International students roam college campuses all over the U.S., but few have American friends making it very difficult to adjust to or learn about a new culture.

Curryann and Seung

Curryann Potter, a sophomore nursing student at U of M, said she recently began taking an interest in making friends with international students. Three weeks ago Potter said she saw two women, who looked like international students, studying in the McWherter Library.

She ceased the moment.

She went to hand the girls their papers from the printer and started a conversation. From that, they started a friendship.

“We have such great access to the nations here and I wanted to be apart of it, even though I can’t really afford to travel to other countries right now,” Potter said.

Her new friends Seung Yeon and Young In, from South Korea are both students at the University of Memphis studying in the Intensive English for Internationals (IEI) program at the University of Memphis.

They have taught Potter about many aspects of Korean culture and their lives at home.

Yeon says her family believes that the ancestors come and dine with them and they pray to them for blessings.

“I thought it was so interesting hearing about her [Yeon’s] family and ancestors because they are nothing like our customs here in America,” Potter said.

Potter and other University of Memphis students have taken Yeon and In to places like Central Barbeque, Graceland and the Pyramid.

“I love having American friends because getting around and really experiencing Memphis with no car is very hard,” In said.

It isn’t just students that are friends with the international students. Ashley Yates met Yuan Zhou and her husband Hanwen Yu two years ago, and although she has already graduated she still sees them every week.

Zhou and her husband Yu watched every season of Friends five times before they moved to Memphis from China. They knew that adjusting to the culture would be hard and didn’t want to worry about learning a language as well.

They were surprised they said, that not all Americans lived in tall apartment buildings with all their best friends like Rachel, Monica, Chandler and Joey.

Even with all the practice from TV shows and classes, English will always be difficult Yu said.

“Letter, Lighter, letter, Lighter,” Yu said trying to make the two English words sound different although they came out the same.

He says English is so different from Chinese. His Chinese characters draw a picture and illustrate an idea, while English letters show pronunciation.

It’s through friendships with Americans that they have really started to adjust Zhou said. They didn’t know where to meet new friends besides their classes.

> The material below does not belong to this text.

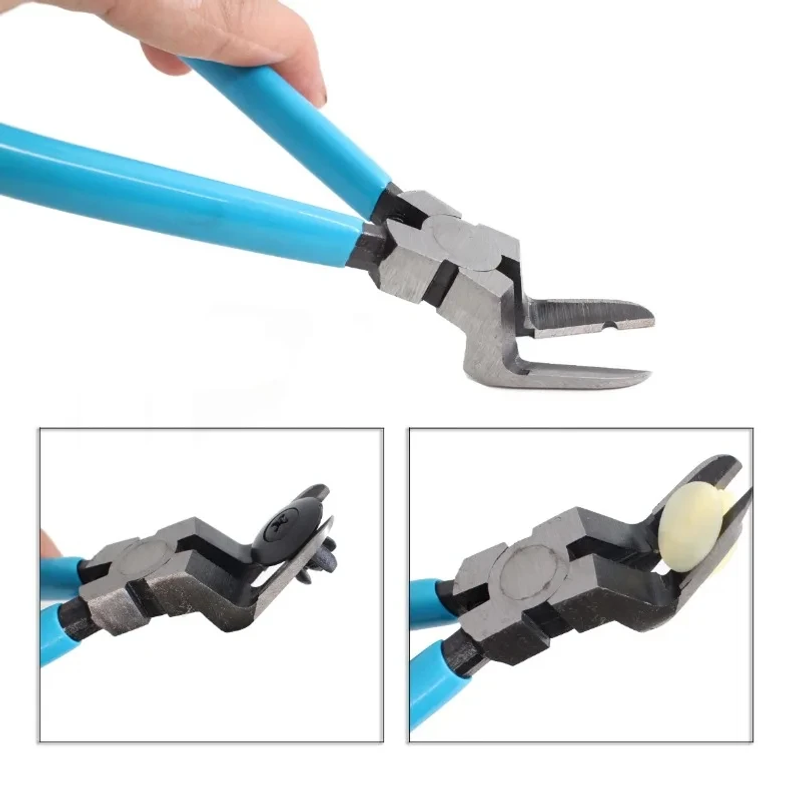 Multifunctional Diagonal Plier - Multi Tool Plier recensione e prezzo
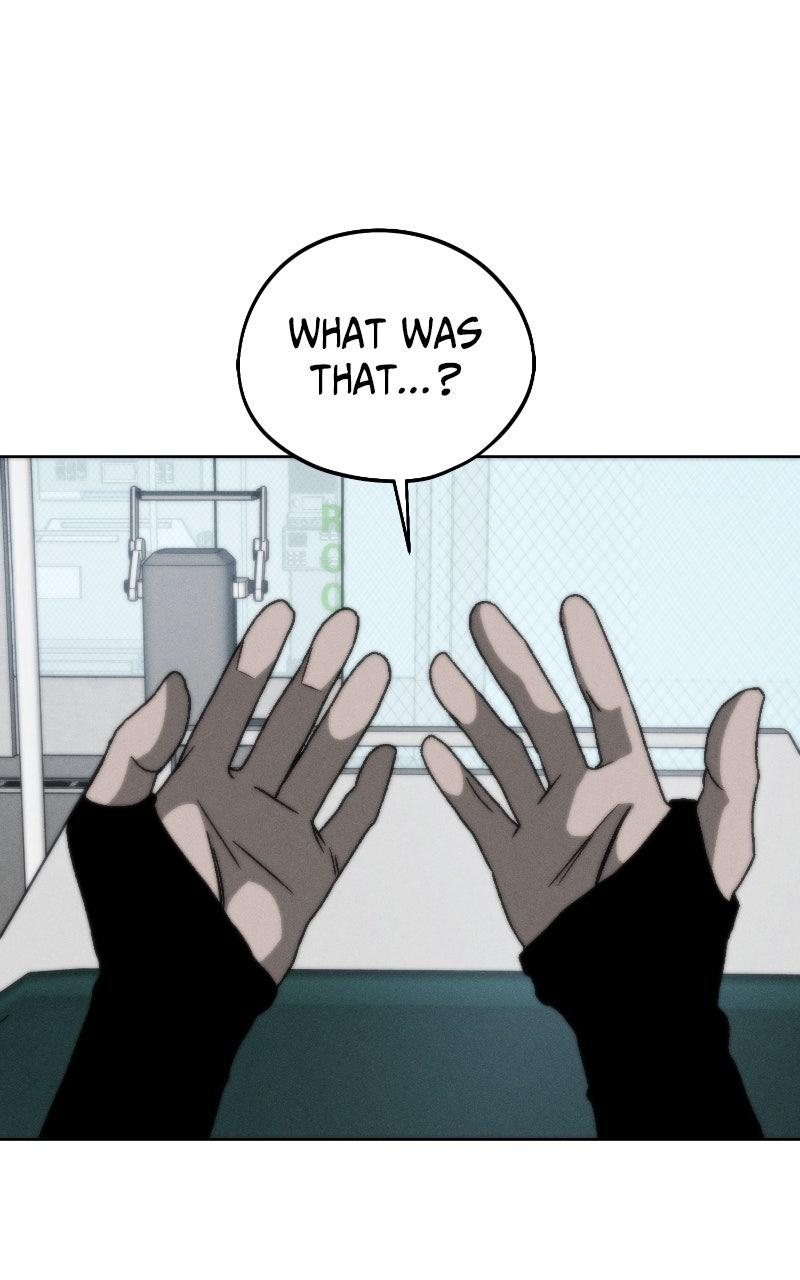 Project Mars Episode 6 13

Then they met recent U of M grad, Ashley Yates two years ago through an event at the Baptist Collegiate Ministry called Free Food Friday, which attracts many international students regardless of their religion.

“I asked Yuan to go to Jerry’s with me, and after that we just started hanging out every week,” said Yates a recent graduate of the University of Memphis. “She ordered a strawberry cheesecake snow cone and asked me where the cake was.”

Yates spent time with international students during her undergrad through the IEI conversation partner program and the Baptist Collegiate Ministry.

“I think people who hang out with internationals are more intentional in all aspects of their life, and they usually have a love and acceptance for other cultures too,” Yates said.

So why don’t all Americans make international friends?

“Of course they aren’t as easy to talk to because of cultural differences,” Yates said. “Mostly I think people are just in their own little world and comfortable with their own friends instead of reaching out,”

According to Potter, becoming friends with internationals is not a volunteer project, but rather a give-and-take relationship. It is an opportunity for both the American and the International to learn from each other she says.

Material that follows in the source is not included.